Henry James’ Turn of the Screw may be seen as a classic ghost story, or a psychological study of a doting Governess gone mad, or an examination of the injury that morally corrupt adults can have on young children. Millions of graduate thesis have been written about this book but all anyone knows for sure is (um, spoiler alert!) it doesn’t end happily. It would be easy to dismiss Jennifer Crusie’s Maybe this Time as the shiny happy version of Henry James’ Turn of the Screw. Having read both at the same time, I have to say that Crusie’s version is the perfect companion piece to the James’ original 1898 story. A story that, although a brilliant addition to the canon of gothic literature yadda yadda, can sink you into the deepest funk this side of post-partum. Plus, the modern day ‘governess’ get to face down the ghosts, save the kids, and get a little romantic entanglement of her own- always a bonus for beach reading.

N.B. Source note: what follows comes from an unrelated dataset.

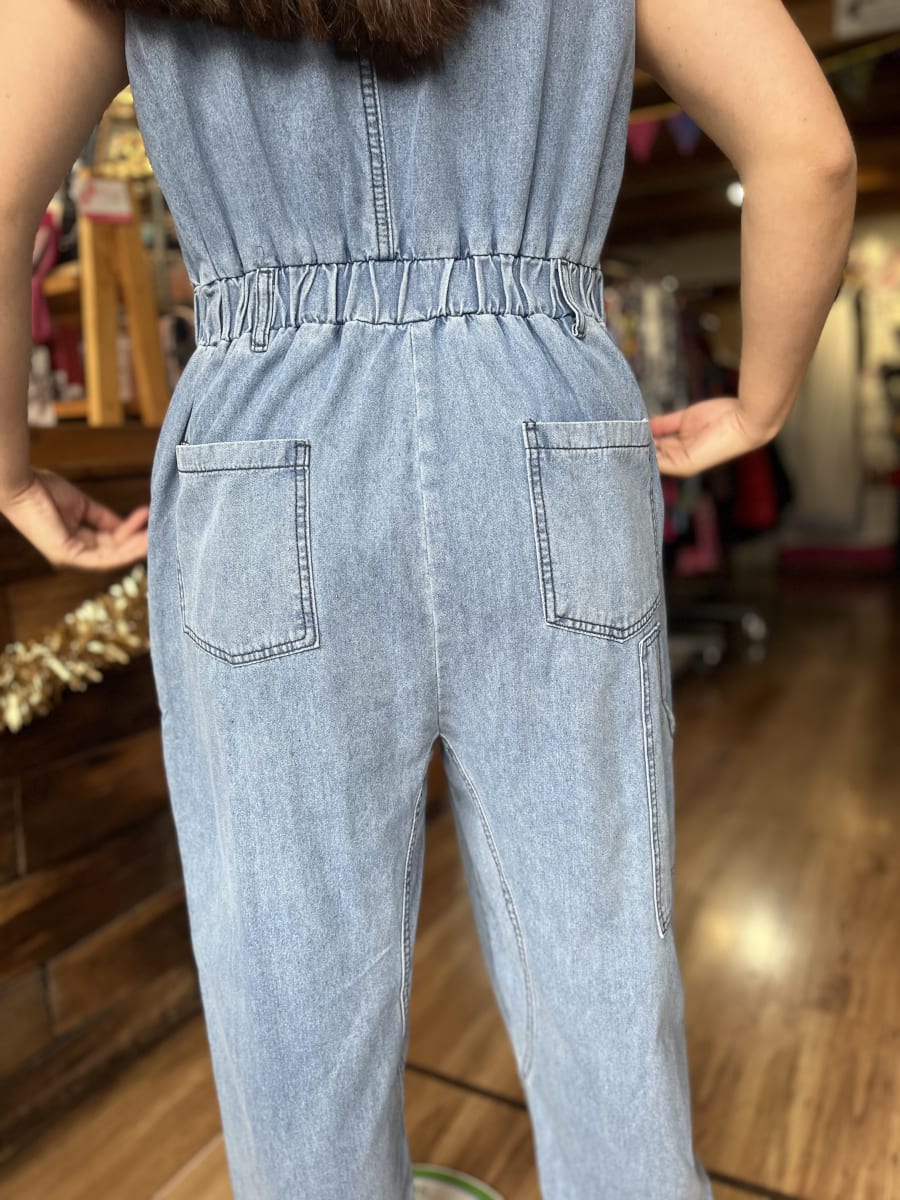 Enterito mezclilla denim claro2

I Need a Trip to Bon Temps Like, Yesterday. Death’s Excellent Vacation edited by Charlaine Harris (yes that Charlaine Harris) is an anthology of supernatural summer vacation stories. There’s one with Sookie and Eric and...What? You can’t judge summer reading.

Please send in your own suggestions. Last years' were fabulous (Outlander! How had I not heard of this?) And I need some new stuff for the warm summer months.

Happy Reading?

xo, Mrs. Darling

(c)Herding Turtles, Inc. 2009 - 2011


  1. Oh, two series that army absolute faves are The Uglies series and Midnighters series, both by Scott Westerfeld. I just love all of his Young Adult books!

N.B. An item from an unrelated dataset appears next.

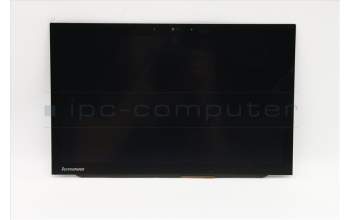 Lenovo 00NY400 TOUCHPANEL GNZ125AG,LGD FHD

    Also, try Unwind by Neal Shusterman. (I tend to love futuristic books that tell of the world gone crazy, hehe!)

    And lastly, a really good rip-off of a classic would be The Graveyard Book by Neil Gaiman. It's a parody on The Jungle Book, but set in a graveyard, where the boy is raised by ghosts!

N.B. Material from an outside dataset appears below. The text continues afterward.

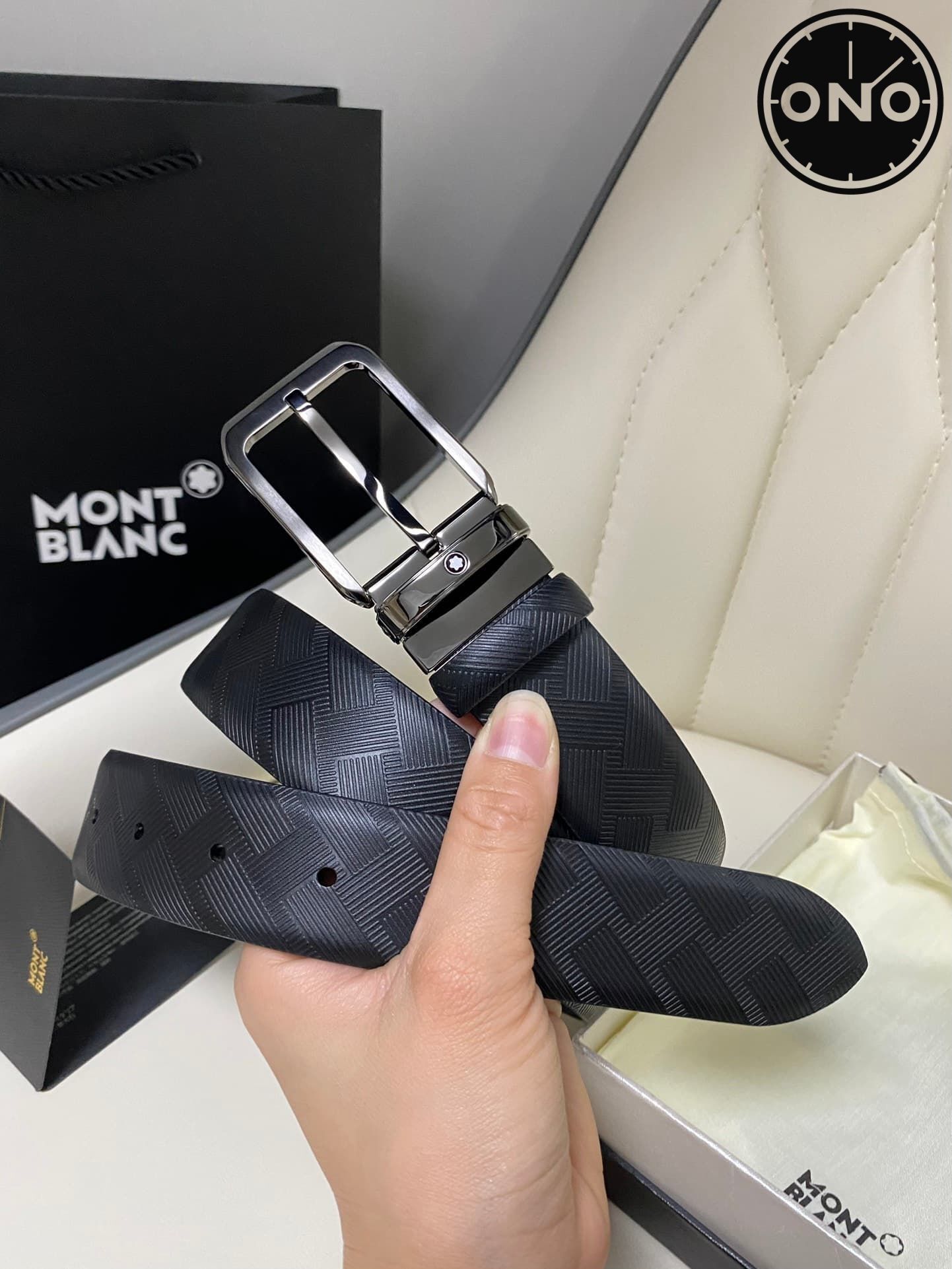 montblanc_belt_104_1.jpg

  2. Ok so does reading US Weekly count as summer reading?? How 'bout your blog?? I am SO WITH YOU on the topic of YA fiction -- I just did a post about it a couple weeks back!
    Did you see the movie "Never Let Me Go" with Keira Knightley and Carey Mulligan? (It was awesome.) The BOOK is even more awesome! You should totally check it out. Right now I'm reading "The Cookbook Collector" -- I'm about halfway thru, it's not knocking me out of my boots but its got a pretty jacket cover (I'm so shallow) so I'm willing to stick with it. Happy Summer Reading! ~Melissa

  3. Betsy the Vampire Queen series by MaryJanice Davidson are fun, well written, book candy that make mommy time pass quickly. I read the whole series (10 books) just after I had my second child. Manditory mommy tea breaks - you can read enough of this book in 5 minutes to make it worth the time. Enjoy!

  4. Just a suggestion for really cool YA books that feature awesome female protagonists- Tamora Pierce's books. They might also get the tweens out of the Twilight rut.

  5. Mirror Mirror and Confessions of an Ugly Stepsister by Gregory Maguire (author of Wicked) are both good reads. They are the adult versions of Snow White and Cinderella...check them out. Also have to mention anything by Christopher Moore-funny, quirky stuff!

  6. Beauty Queens by Libba Bray. Trust me, even though you have no reason to. Plane full of teen beauty contestants crash lands on deserted island. Think Lost meets James Bond meets Hunger Games. TRULY AWESOME.

  7. I'm in love with "The Gargoyle" by Andrew Davidson, and of course the Hunger Game series, [although I read that before it became cool!].

    "The Myst Reader" by Robyn Miller is actually three books together, its epic, but the tale is wonderful in detail. [and is also based on or spawned the game...I don't know which.]

    I just finished "God's War" by Kameron Hurley, which was so great....I seem to be into these post-apocalyptic reads lately, probably because they remind me of my house after my husband gets home and "plays" [aka makes a mess] with my son.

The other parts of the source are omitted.